Las sanciones del Consejo de Seguridad han adoptado formas diversas en función de los objetivos que se perseguían. Han ido de amplias sanciones económicas y comerciales a medidas más selectivas, como embargos de armas, prohibiciones de viajar y restricciones financieras o de determinados productos. El Consejo de Seguridad ha aplicado sanciones para prestar apoyo a las transiciones pacíficas, disuadir de la implantación de cambios no constitucionales, poner coto al terrorismo, proteger los derechos humanos y promover la no proliferación de las armas nucleares.
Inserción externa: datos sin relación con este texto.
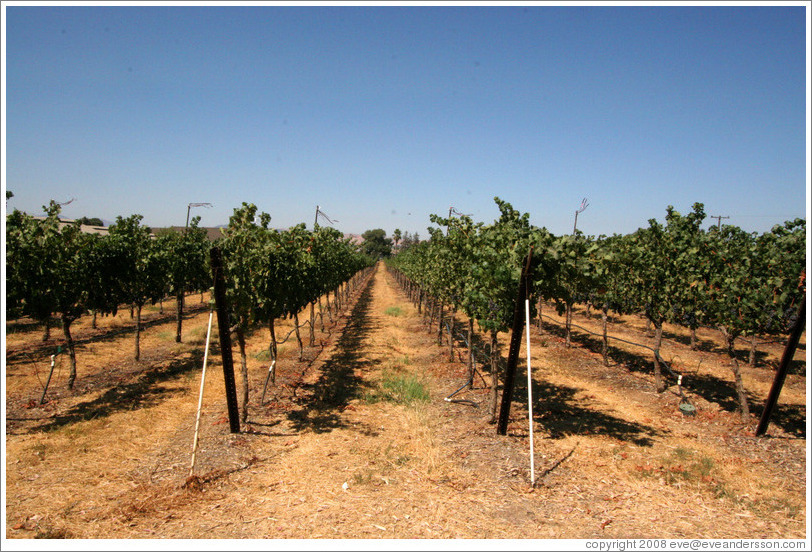 Vineyard.  Rodrigue Molyneaux Winery.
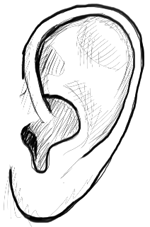 Drawing Realistic Ears
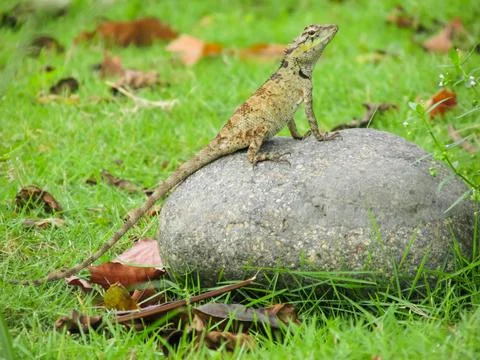 Close-up of a lizard on a rock Stock Photos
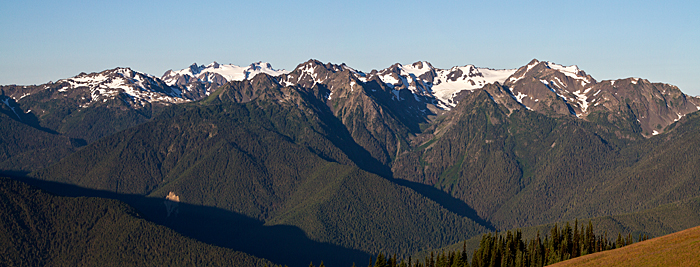 Hurricane Ridge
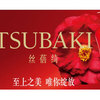 Tsubaki圖片照片
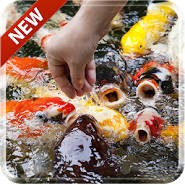 Koi Free 3D Live Wallpaper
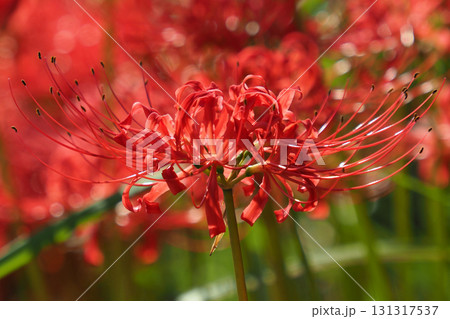 ヒガンバナ(彼岸花/Lycoris radiata) ヒガンバナ(彼岸花/Lycoris radiata) 131317537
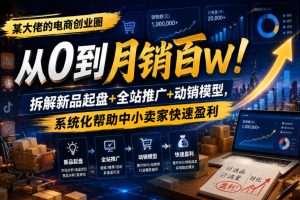 某大佬的电商创业圈从0到月销百W!拆解新品起盘+全站推广+动销模型,系统化帮助中小卖家快速盈利-阿俊淘金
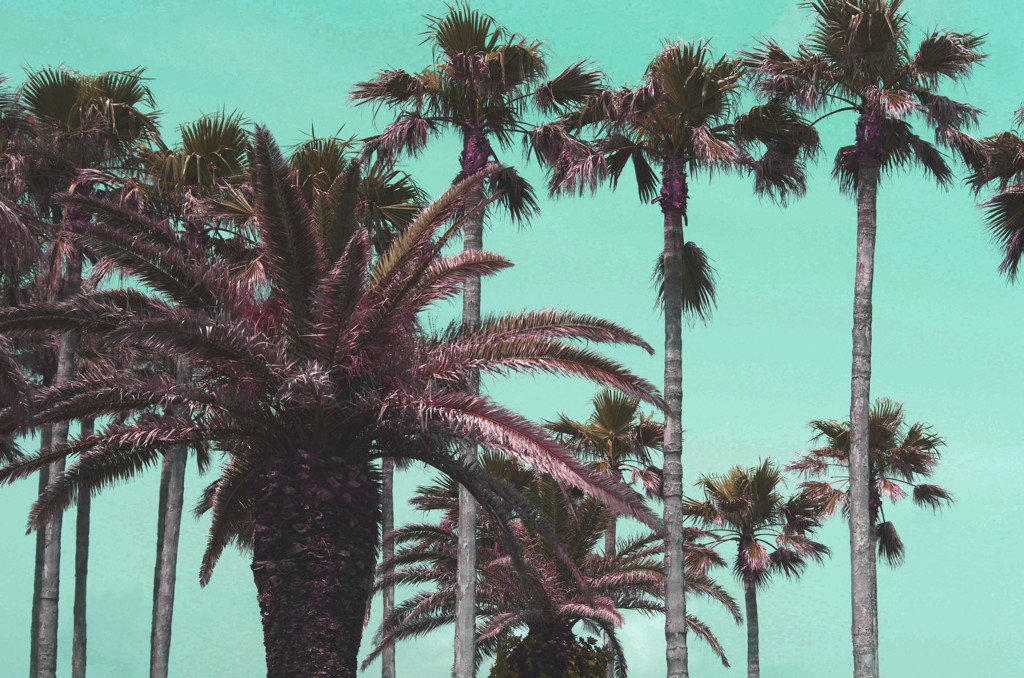 tropical
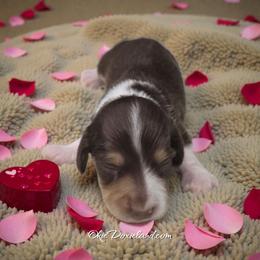 Panda - Chocolate and cream male Dachshund puppy in Oklahoma City, Oklahoma from OkieDoxieland Dachshunds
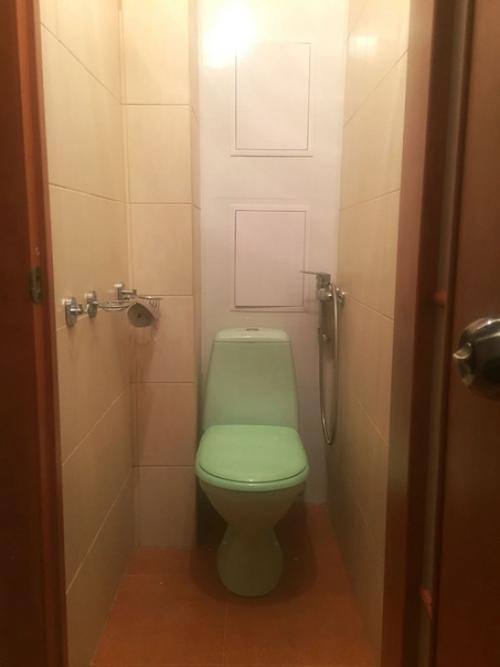 Уютная и светлая квартира рядом с метро пушкинская сдаётся с 14 апреля на длительный срок - 250$. 04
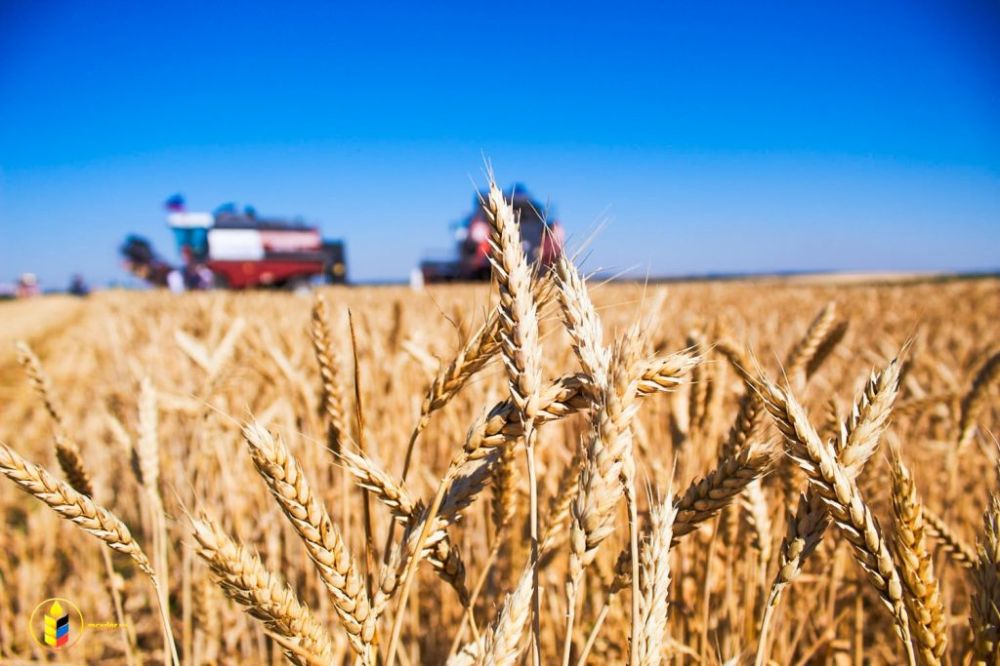 Артем Крамаренко: Квоту для аграриев ДНР на беспошлинный экспорт зерна в 2024 году увеличили вдвое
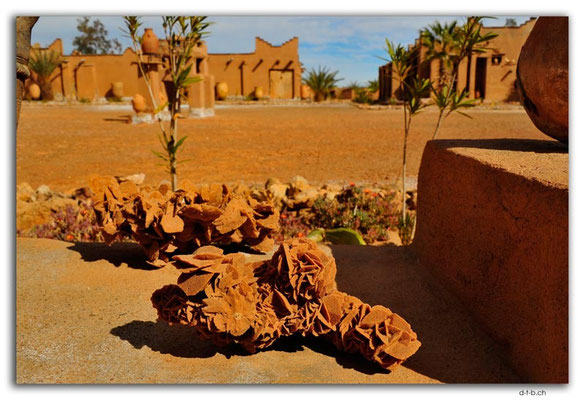 MA0252.Musée des sources de Lalla Mimouna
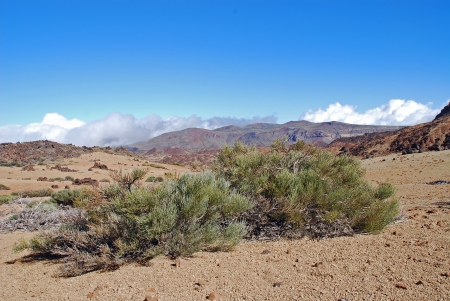 The rock on the island tenerifeの写真素材
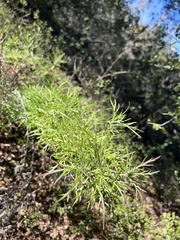 Artemisia palmeri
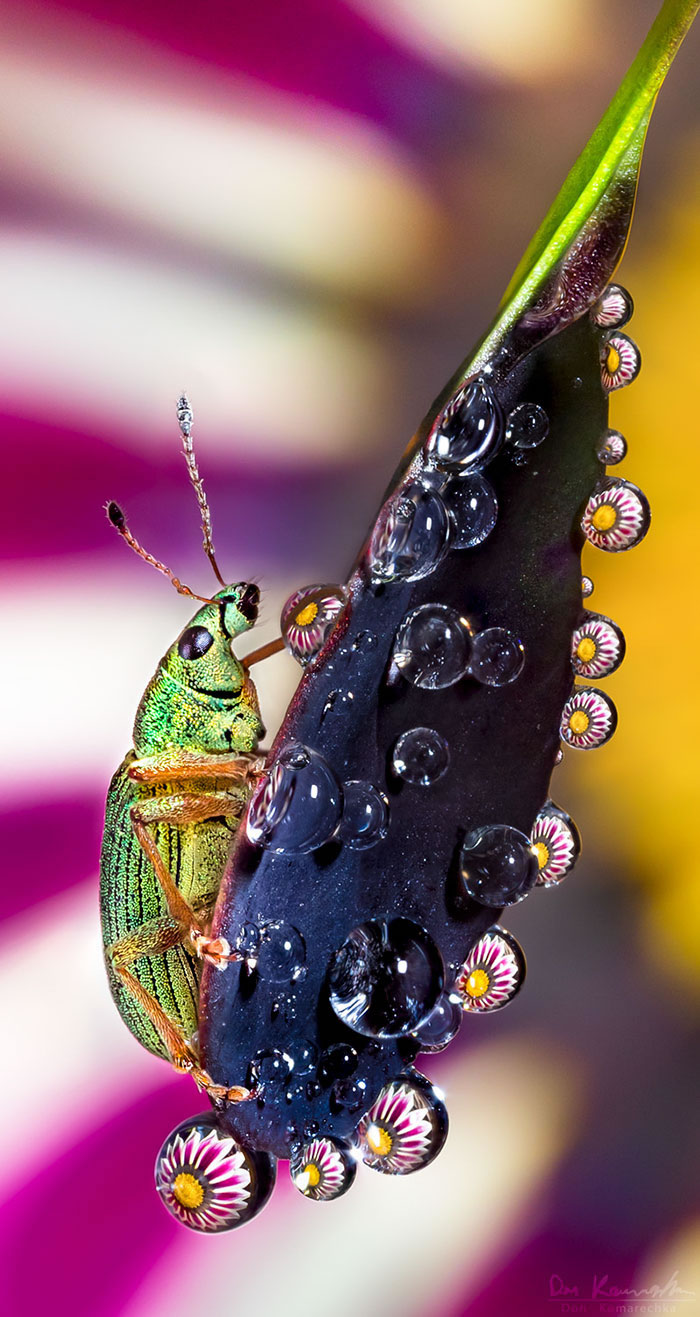 Water Droplet Photos By Don Komarechka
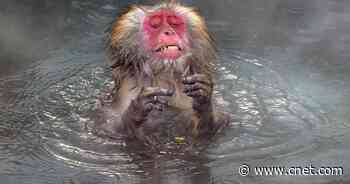 Comedy Wildlife Photography Awards finalists: See nature at its silliest     - CNET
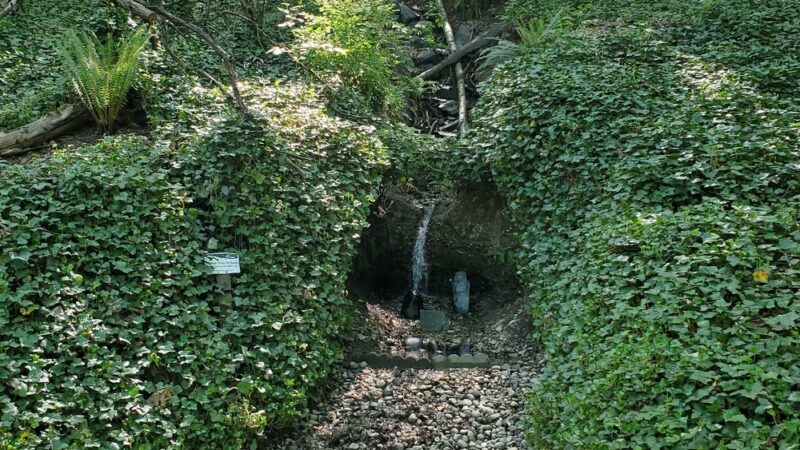 McKinley Park - Tacoma, WA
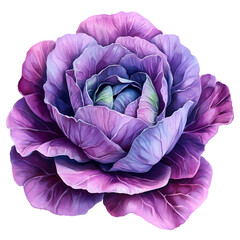 Obraz premium A stunning close-up of a purple cabbage flower showcasing intricate layers and vibrant colors.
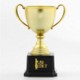 Picture of 8 INCH TROPHY AWARD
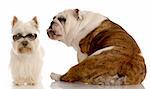 funny dog fight - english bulldog and west highland white terrier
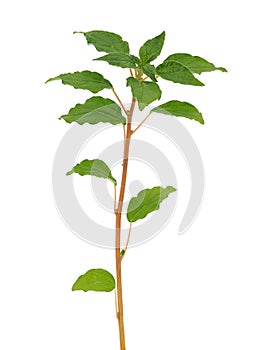 Spreading pellitory plant isolated on white background, Parietaria judaica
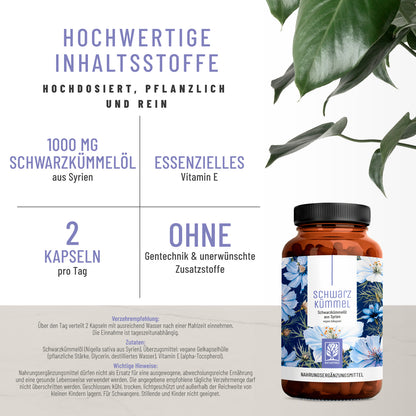 Schwarzkuemmel Schwarzkuummeloel Hochwertige Inhaltsstoffe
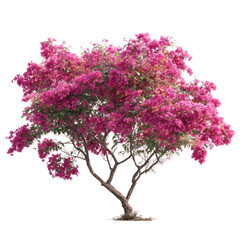 Fototapeta premium Bougainvillea flower tree with multiple flower spikes and green leaves on transparent background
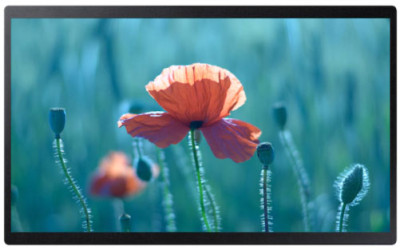 Samsung Monitor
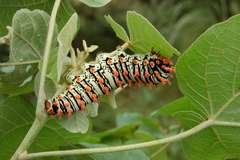 Rothschildia lutea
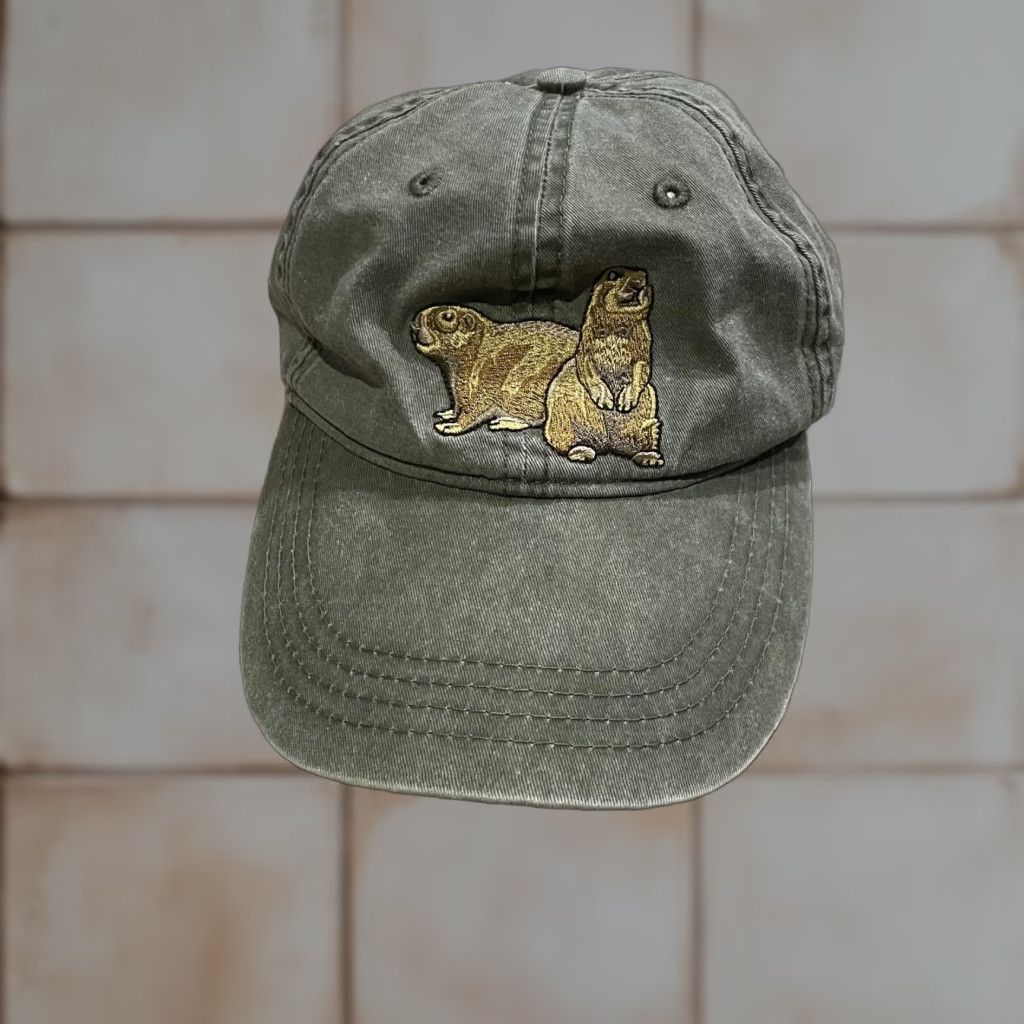 Ecco VINTAGE ECO Prarie Dog Glen Canyon National Recreation Hat Strap Back Green Dad Hat Size ONE SIZE - 1 Thumbnail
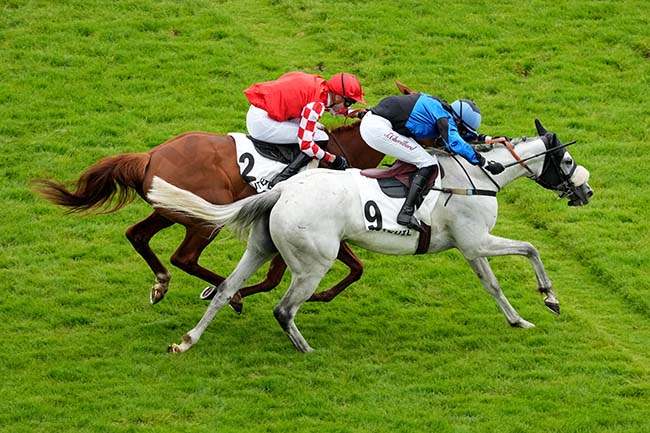 Photo d'arrivée de la course pmu PRIX GILBERT GALLOT à AUTEUIL le Samedi 15 juin 2024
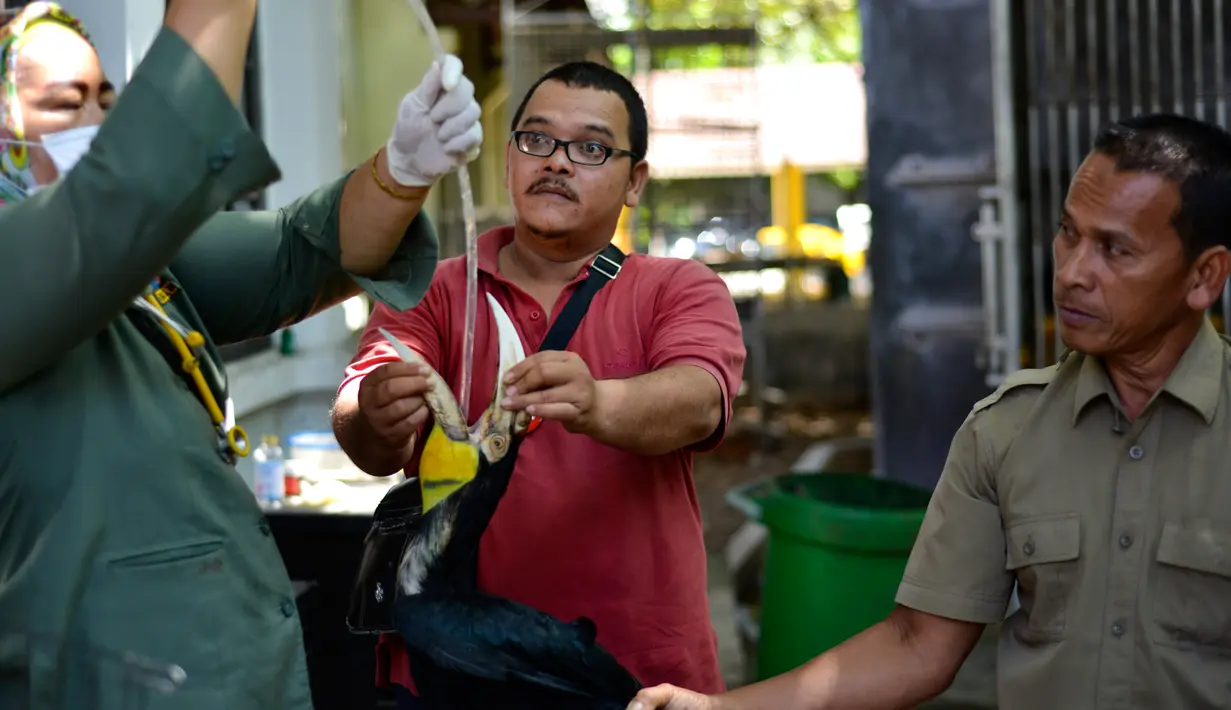 Dokter hewan dan petugas Balai Konservasi Sumber Daya Alam (BKSDA) Aceh merawat burung rangkong julang emas di Banda Aceh, Selasa (5/11/2019). BKSDA Aceh merawat satwa langka dan dilindungi hasil sitaan dan serahan warga untuk direhabilitasi dan dilepasliarkan ke habitatnya. (CHAIDEER MAHYUDDIN/AFP)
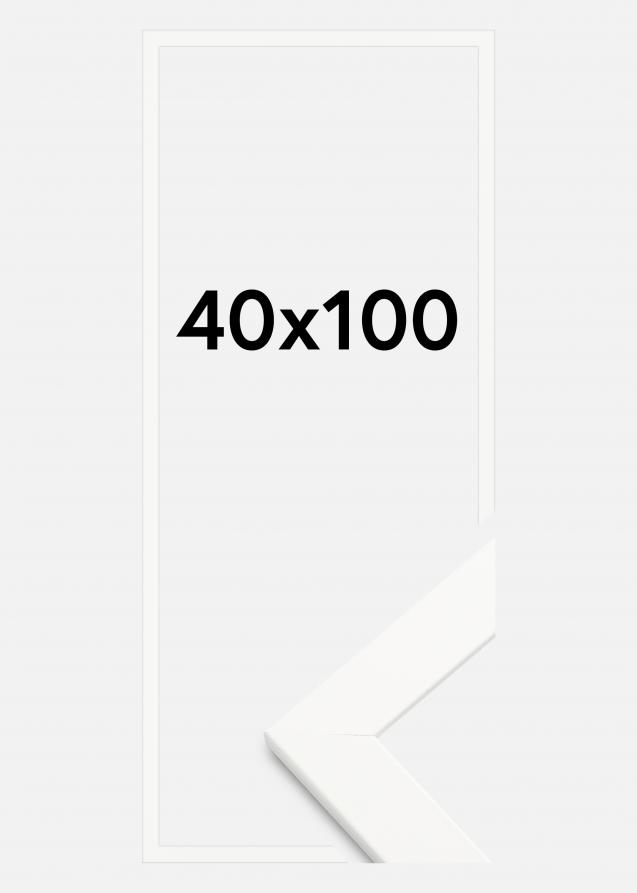Artlink Frame Trendline Acrylic Glass White 15.75x39.37 inches (40x100 cm)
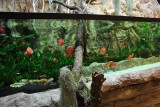7.000 Liter Discus Aquarium - Set up by Oliver Knott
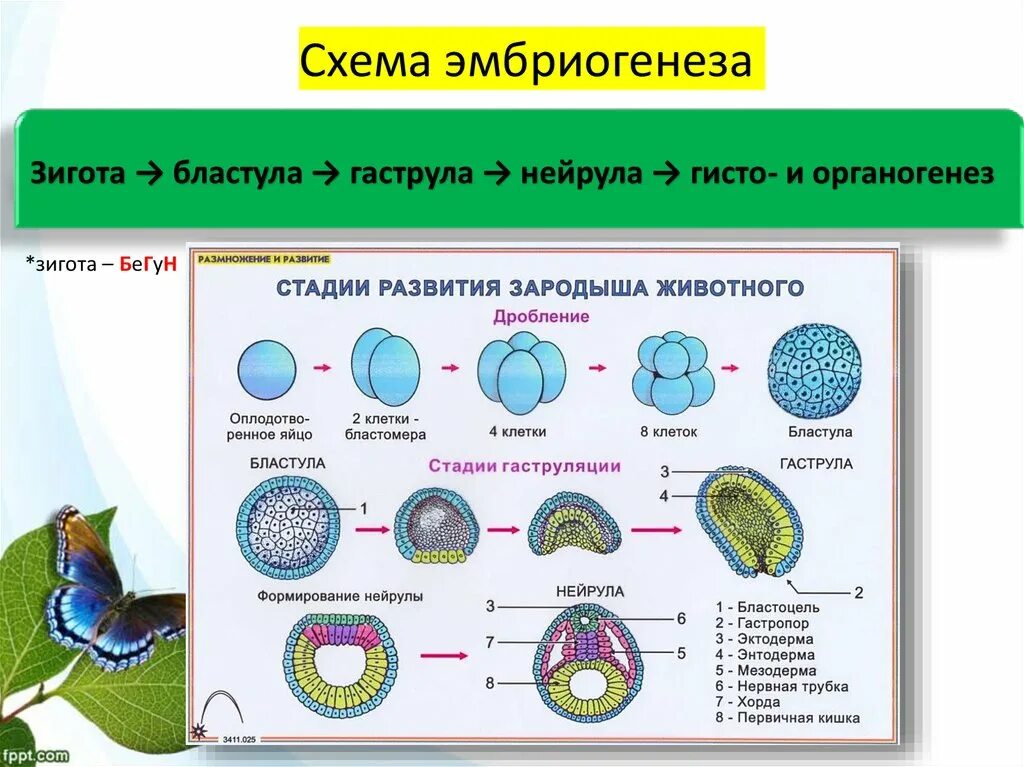 Онтогенез контрольная. Стадии эмбриогенеза зигота бластула. Этапы онтогенеза бластула гаструла нейрула. Эмбриональный этап онтогенеза схема. Гаструла бластула гаструла нейрула.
Las sanciones no se aplican, tienen éxito o fracasan en el vacío. Es máxima su eficacia para el mantenimiento o el restablecimiento de la paz y la seguridad internacionales cuando se aplican en el marco de una estrategia global que comprende el mantenimiento, la consolidación y el establecimiento de la paz. En contra del carácter punitivo que se les supone, muchos regímenes tienen por objeto prestar apoyo a gobiernos y regiones que se esfuerzan por lograr una transición pacífica. Los regímenes de sanciones impuestos en Libia y Guinea-Bissau son ejemplos de ello.

Hoy en día se aplican 14 regímenes de sanciones dirigidos a prestar apoyo a la solución política de conflictos, la no proliferación de las armas nucleares y la lucha contra el terrorismo. Administra cada uno un comité de sanciones presidido por un miembro no permanente del Consejo de Seguridad. Hay 10 grupos y equipos de seguimiento que prestan apoyo a la labor de 11 de los 14 comités de sanciones.

Al aplicar los regímenes de sanciones el Consejo cada vez es más consciente de los derechos de quienes se ven afectados por ellos. En la declaración de la Cumbre Mundial 2005 la Asamblea General exhortó al Consejo de Seguridad a que, con el apoyo del Secretario General, asegurara que existieran procedimientos justos y claros para imponer y levantar sanciones. El establecimiento de un Punto Focal para las Solicitudes de Supresión de Nombres de las Listas y la Oficina del Ombudsman ante el Comité de Sanciones contra el EIIL (Daesh) y Al-Qaida son ejemplos prácticos de este enfoque.